◆ Exercise prompt ◆
Lines to restate from the data below: from the one containing "Contrast Lace Pleated Hem Dress" to the one containing "Años 60, diseño", both included. Give them again exactly, and only them.

Extracted data entries:
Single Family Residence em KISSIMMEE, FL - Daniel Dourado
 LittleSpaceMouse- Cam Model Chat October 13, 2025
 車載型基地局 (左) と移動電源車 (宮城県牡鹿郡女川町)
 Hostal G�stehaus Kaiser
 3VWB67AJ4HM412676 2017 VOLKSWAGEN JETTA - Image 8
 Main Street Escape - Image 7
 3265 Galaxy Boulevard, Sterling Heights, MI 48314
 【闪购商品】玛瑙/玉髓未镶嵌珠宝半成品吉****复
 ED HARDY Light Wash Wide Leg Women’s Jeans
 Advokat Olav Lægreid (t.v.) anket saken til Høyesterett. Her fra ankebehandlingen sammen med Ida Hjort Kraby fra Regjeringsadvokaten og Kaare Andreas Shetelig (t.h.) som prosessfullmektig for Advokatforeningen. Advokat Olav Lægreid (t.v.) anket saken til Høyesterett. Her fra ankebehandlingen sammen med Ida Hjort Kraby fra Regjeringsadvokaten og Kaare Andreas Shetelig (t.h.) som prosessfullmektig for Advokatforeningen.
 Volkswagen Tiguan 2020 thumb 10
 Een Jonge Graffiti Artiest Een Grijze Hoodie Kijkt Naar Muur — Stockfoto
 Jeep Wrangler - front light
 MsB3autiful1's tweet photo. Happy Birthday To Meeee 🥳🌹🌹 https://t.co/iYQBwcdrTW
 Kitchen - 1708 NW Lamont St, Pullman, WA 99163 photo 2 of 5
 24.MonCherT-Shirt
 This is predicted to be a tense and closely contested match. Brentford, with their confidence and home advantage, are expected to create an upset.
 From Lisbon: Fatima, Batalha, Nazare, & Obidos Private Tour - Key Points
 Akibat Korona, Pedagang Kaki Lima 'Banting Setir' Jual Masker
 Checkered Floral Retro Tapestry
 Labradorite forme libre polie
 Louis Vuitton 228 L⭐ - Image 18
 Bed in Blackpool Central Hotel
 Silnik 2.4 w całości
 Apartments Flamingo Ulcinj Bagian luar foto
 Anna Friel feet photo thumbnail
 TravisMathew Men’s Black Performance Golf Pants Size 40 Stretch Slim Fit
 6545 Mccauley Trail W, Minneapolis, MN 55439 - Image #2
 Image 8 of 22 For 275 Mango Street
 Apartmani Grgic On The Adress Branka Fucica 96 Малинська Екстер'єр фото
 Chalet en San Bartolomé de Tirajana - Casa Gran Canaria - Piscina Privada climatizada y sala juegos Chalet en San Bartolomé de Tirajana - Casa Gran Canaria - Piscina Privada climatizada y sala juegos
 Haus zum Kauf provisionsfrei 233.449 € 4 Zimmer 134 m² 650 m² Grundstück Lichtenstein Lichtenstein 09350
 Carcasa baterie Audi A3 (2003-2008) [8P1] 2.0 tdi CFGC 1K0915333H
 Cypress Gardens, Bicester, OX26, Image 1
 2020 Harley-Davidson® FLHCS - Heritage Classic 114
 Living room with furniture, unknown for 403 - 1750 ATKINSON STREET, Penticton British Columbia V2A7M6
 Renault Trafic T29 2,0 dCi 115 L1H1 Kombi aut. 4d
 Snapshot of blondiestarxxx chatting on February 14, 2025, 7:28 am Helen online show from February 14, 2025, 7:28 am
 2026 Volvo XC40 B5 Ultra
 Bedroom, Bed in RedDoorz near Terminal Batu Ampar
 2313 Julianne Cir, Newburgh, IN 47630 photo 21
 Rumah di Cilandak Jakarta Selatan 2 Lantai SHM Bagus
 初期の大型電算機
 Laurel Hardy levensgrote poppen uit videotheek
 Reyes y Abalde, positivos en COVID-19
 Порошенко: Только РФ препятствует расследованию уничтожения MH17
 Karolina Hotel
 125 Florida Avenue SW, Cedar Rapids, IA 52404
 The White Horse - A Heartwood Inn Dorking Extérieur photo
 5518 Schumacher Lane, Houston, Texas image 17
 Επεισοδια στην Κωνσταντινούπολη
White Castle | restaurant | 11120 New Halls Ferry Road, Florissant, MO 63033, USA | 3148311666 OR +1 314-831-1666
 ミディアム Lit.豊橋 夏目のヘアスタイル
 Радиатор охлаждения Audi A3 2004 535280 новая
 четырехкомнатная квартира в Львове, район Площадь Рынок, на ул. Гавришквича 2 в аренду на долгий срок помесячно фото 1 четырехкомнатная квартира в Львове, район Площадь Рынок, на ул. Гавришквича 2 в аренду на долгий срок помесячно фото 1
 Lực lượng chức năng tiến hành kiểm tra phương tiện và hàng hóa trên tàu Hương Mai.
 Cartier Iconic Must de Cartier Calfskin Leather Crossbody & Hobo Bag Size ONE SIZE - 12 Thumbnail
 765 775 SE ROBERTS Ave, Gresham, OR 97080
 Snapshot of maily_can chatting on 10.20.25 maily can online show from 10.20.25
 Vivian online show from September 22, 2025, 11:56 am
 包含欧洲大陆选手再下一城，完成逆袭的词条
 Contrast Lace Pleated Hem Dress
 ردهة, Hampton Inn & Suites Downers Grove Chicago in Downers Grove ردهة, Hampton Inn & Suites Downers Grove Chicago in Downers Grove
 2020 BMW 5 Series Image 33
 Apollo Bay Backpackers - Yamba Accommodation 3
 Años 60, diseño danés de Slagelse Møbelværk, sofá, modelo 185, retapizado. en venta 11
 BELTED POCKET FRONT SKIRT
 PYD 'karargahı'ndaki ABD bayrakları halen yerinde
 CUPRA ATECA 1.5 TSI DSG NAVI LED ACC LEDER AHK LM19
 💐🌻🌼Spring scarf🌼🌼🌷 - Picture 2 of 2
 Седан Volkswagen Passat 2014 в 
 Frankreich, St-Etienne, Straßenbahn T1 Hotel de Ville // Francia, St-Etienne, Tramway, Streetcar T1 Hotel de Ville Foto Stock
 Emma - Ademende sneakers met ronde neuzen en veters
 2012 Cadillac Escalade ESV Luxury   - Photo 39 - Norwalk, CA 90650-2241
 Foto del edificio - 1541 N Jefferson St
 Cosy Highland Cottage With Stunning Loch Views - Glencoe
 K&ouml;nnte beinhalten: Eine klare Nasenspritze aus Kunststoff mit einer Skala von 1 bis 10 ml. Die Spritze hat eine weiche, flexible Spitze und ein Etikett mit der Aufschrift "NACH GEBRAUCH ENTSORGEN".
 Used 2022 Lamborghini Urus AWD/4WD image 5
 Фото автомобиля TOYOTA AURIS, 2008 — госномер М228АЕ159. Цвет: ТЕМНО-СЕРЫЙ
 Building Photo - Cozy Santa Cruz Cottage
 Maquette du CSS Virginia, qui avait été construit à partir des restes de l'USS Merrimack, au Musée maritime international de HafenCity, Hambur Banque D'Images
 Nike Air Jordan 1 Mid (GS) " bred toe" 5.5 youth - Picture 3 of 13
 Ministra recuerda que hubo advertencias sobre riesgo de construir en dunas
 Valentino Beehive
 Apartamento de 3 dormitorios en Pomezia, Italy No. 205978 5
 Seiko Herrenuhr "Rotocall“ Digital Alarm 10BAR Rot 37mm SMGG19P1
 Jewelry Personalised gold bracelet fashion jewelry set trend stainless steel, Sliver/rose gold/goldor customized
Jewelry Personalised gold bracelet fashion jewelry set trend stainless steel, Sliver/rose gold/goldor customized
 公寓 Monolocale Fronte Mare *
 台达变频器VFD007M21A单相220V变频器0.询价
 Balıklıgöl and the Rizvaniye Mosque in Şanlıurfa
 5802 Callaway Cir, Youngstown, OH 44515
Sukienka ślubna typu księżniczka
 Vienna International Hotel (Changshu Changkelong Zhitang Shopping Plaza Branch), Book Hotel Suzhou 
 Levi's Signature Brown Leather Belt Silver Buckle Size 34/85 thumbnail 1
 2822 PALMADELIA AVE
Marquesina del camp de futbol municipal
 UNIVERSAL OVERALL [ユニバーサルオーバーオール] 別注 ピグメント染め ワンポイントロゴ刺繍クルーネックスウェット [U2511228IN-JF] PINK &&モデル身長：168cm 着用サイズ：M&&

◆ Solution for this exercise ◆
 Contrast Lace Pleated Hem Dress
 ردهة, Hampton Inn & Suites Downers Grove Chicago in Downers Grove ردهة, Hampton Inn & Suites Downers Grove Chicago in Downers Grove
 2020 BMW 5 Series Image 33
 Apollo Bay Backpackers - Yamba Accommodation 3
 Años 60, diseño danés de Slagelse Møbelværk, sofá, modelo 185, retapizado. en venta 11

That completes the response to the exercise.